Tetapi terkadang aku dan Thea masih kerepotan untuk mengatur bumbu-bumbu dan pasokan mie yang dibutuhkan untuk kedua tempat makan tersebut. Aku dan Thea saling berdiskusi, Thea memang sudah seperti tangan kananku saat aku sedang disibukkan dengan kegiatan lainnya. Aku suka dengan hasil pekerjaannya yang sigap.
Aku dan Thea sepakat untuk membuat dapur sentra untuk membuat mie dan bumbu-bumbu yang dibutuhkan. Karena tabunganku yang sudah lumayan dan juga penghasilan tetap ku juga sudah sangat menjanjikan aku memutuskan untuk membeli satu tempat yang akan aku gunakan sebagai dapur sentral nantinya.

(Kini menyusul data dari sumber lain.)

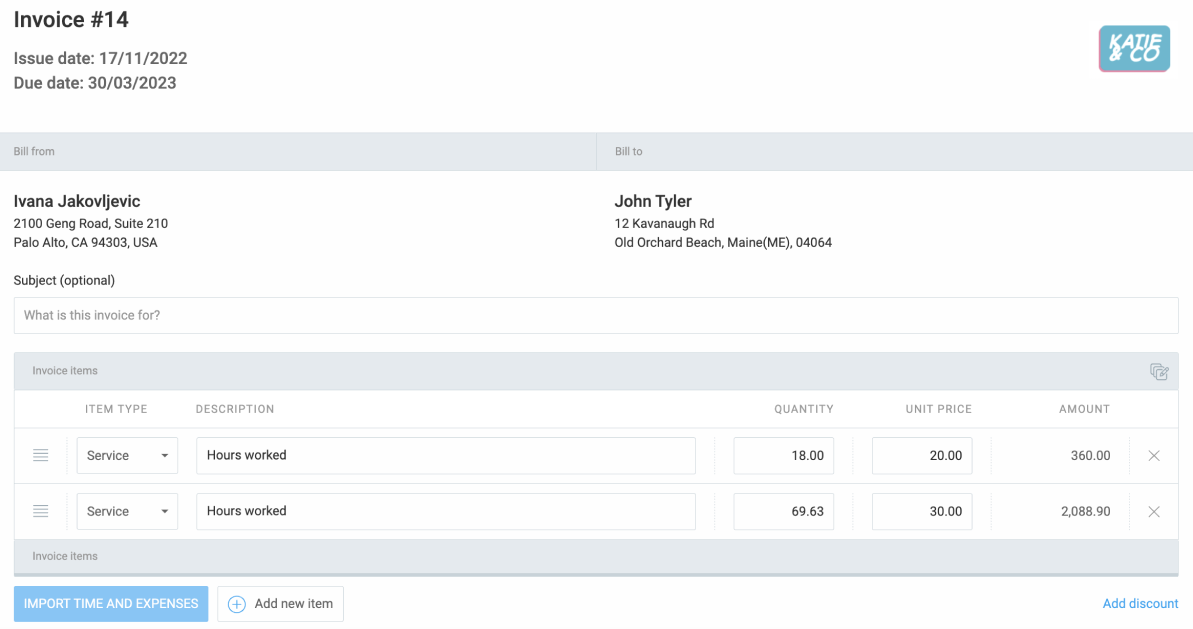 Clockify invoice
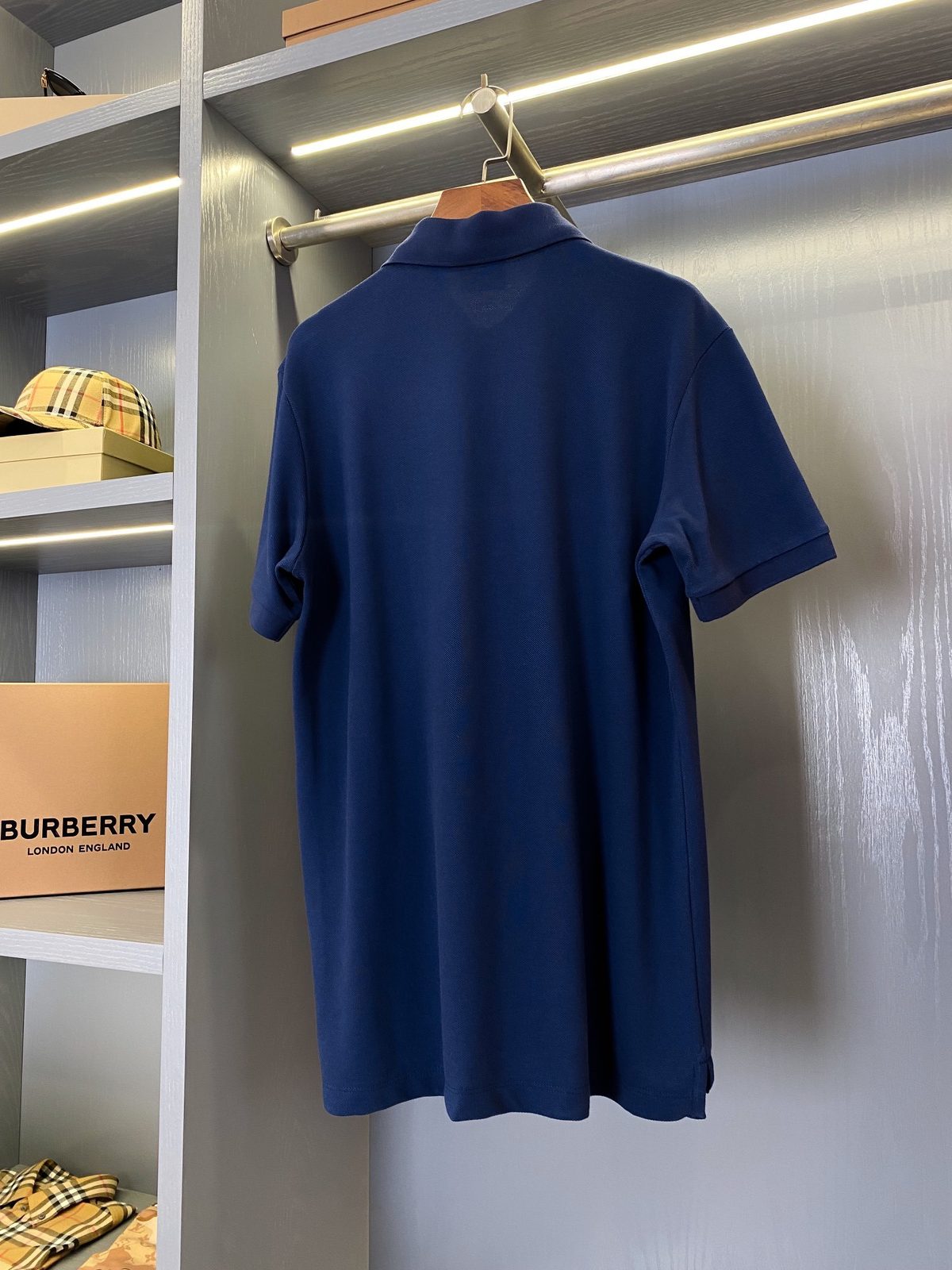 Burberry Navy Blue Cotton Polo Shirt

Dalam perjalanan pulang aku mampir ke sebuah tempat penjualan properti. Sesampainya di sana Aku memarkirkan motorku dan berjalan masuk ke dalam. Aku masuk dan melihat-lihat ke sekitar. Aku menunggu respon dari mereka Tetapi setelah sekian lama aku berdiri tidak ada seorangpun yang menghampiriku. Mereka terlalu sibuk menawarkan properti-properti pada pelanggan lain. Karena cukup lumayan kesal menunggu aku akhirnya keluar dan meninggalkan tempat itu. Ya wajar saja mungkin tampilanku yang tidak meyakinkan dengan bajuku yang lusuh dan kendaraan yang begitu saja. Sepertinya mereka tidak yakin bahwa aku akan membeli salah satu properti yang mereka tawarkan.
Keesokan harinya aku mencoba mendatangi tempat properti lain yang lebih kecil daripada tempat sebelumnya. Sesampainya di sana Aku disambut dengan hangat oleh salah satu dari mereka. Dengan sabar mereka menjelaskan properti-properti yang mereka jual. Aku pun dengan leluasa menceritakan tentang keinginanku untuk membeli properti tersebut tetapi dengan uang yang aku punya. Mereka menyarankanku untuk mengambil kredit dan itu bisa dibayarkan untuk setiap bulannya hanya untuk pertama kali mereka membutuhkan pembayaran dimuka. Aku pun setuju dengan tawaran tersebut.
Karena salah satu persyaratan untuk bisa mengajukan kredit adalah laporan keuangan berjalan maka aku perlu menyiapkannya terlebih dahulu. Karena keterbatasan laporan keuangan pun Terpaksa aku buat sendiri secara sederhana seperti yang sudah aku lakukan dulu saat aku bekerja 10 tahun sebelum aku kembali ke masa sekarang. Beberapa hari aku sibuk dengan urusan laporan keuangan ini. Dan akhirnya laporan yang aku buat selesai. Setelah itu aku kembali lagi ke tempat penjualan properti yang menawarkanku kredit tersebut.